As you transition into veganism you'll quickly discover people have a lot of questions to ask. It might take your family members, friends, and colleagues by surprise. People who know you as a meat-eater might feel this change has come out of left field. Their feelings might range from being curious and interested to challenged and angry.
The mere mention of veganism can instantly cause some people to become defensive and even aggressive. You do not have to put up with someone being rude or aggressive towards you - that works both ways. If you find yourself in a situation where you are being made to feel uncomfortable (in a threatening way), you’re absolutely entitled to tell them to stop talking to you.
You might not always be dealing with people who hate vegans or veganism but the chances are you will encounter people who actively dislike it and want to argue about it with you. You might be surprised to find that some of your close friends and family members feel upset about your decision to adopt a vegan lifestyle and express offence at your choice.
Discussing veganism is important. People are curious, they have questions, and they have their reasons for eating animals. Opening up the discussion can be difficult and, at times, heated and that’s OK. These are tough conversations. Most people have never questioned whether eating or using animals is wrong or right, or that it's even a choice. Knowing how to handle these situations is really important for having conversations that leave both sides feeling uplifted. It's not about "converting people", it's about having engaged, informative, and, above all, respectful conversations with each other.
Why Veganism Makes People Angry
People get defensive and angry about things they do not understand or that challenge their deep-rooted beliefs. Feeling ignorant about any subject can lead to embarrassment (if you've ever asked an obvious question and been mocked, you'll know the feeling), this can provoke a reaction of anger or rage. It’s a reaction to an opinion that differs from the dominant social norm. Nobody likes to feel stupid, uneducated, or misinformed.
Having discussions about veganism challenges the dominant belief system that eating animals is normal, natural, and necessary. Growing up nobody asks us whether we want to eat animals, what we feel about it, or whether we believe it's OK. We're actually encouraged not to think about eating animals so when we're asked to it can be a jarring and upsetting experience.

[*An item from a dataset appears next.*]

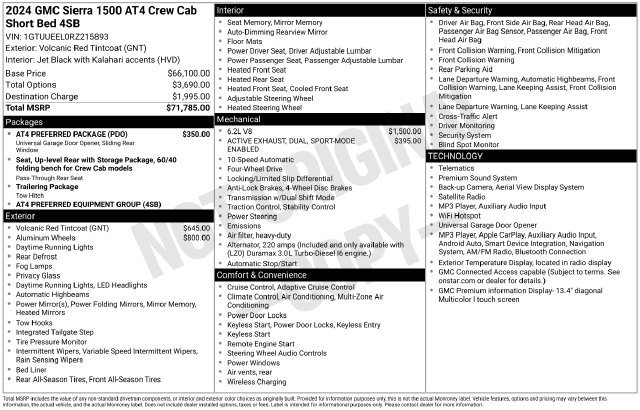 Used 2024 GMC Sierra 1500 AT4 w/ AT4 Preferred Package AWD/4WD image 35
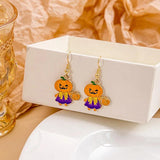 Halloween Bat Pumpkin Earrings Funny Horror Skull Eyeballs Ghost Earrings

I would like to encourage vegans and non-vegans alike to read Beyond Beliefs by Melanie Joy, a crucial text for improving communication and understanding between vegans, vegetarians, and meat eaters.
How To Talk About Veganism
Some people will try to make tired, unoriginal jokes at your expense (“Mmm, BACON!”) or attempt to derail the conversation with silly anecdotes or unlikely situations ("if you were on a desert island would you eat an animal?") Others will be outright aggressive and abusive or unwilling to listen. There might be some who try to drown out your voice by talking over you and there will be many others who just want to ask questions and have a conversation with you. It can be intimidating and challenging to discuss veganism with others, even those who are open to conversing with you. Many people will have preconceived ideas about veganism or will be wary of getting into conversations that might make them feel uncomfortable or misinformed. This is how to have more productive conversations about veganism.

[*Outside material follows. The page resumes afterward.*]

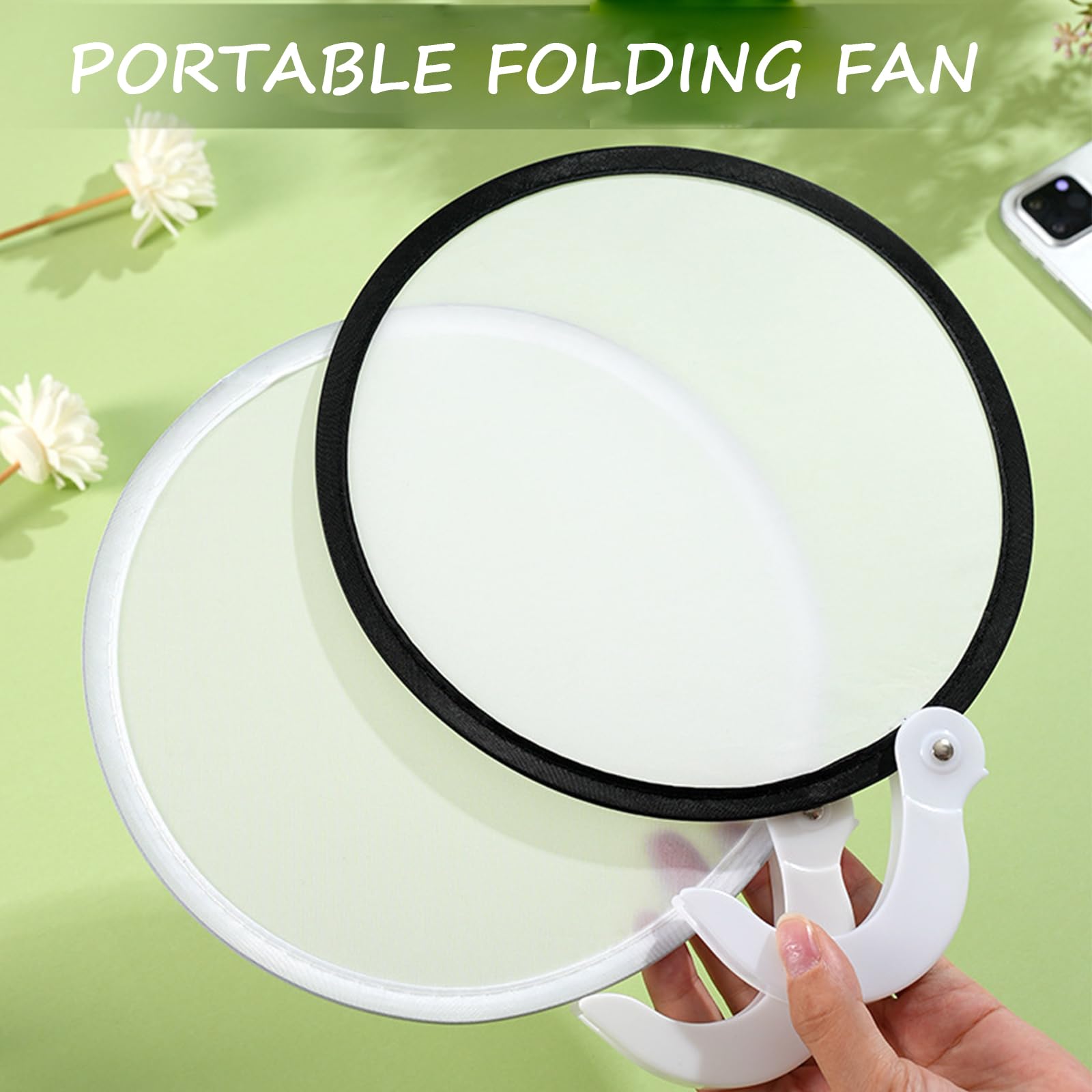 SUPSCH030 Collapsible Fan DIY Blank Handheld Foldable Fan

The most important thing is: respect. Be mindful of the words you use to avoid implying judgment or challenging their feelings. Words such as "right/wrong" and "better/worse" can imply superiority and making someone feel stupid for their beliefs or opinions won't progress the conversation.
Be prepared; know the facts and the sources. Many people will recite "facts" they have heard about eating animals and, when faced with opposing information, may try to argue against it. Knowing sources and being able to recite names and figures is important.
Ask questions and listen to the answers; don't interrupt. It can be tempting to jump in when you hear misinformation being cited or common arguments being used for the justification of eating meat. Many vegans used to eat meat and used many of the same justifications for why we did it, it's important to remember that when having the same conversation with other people.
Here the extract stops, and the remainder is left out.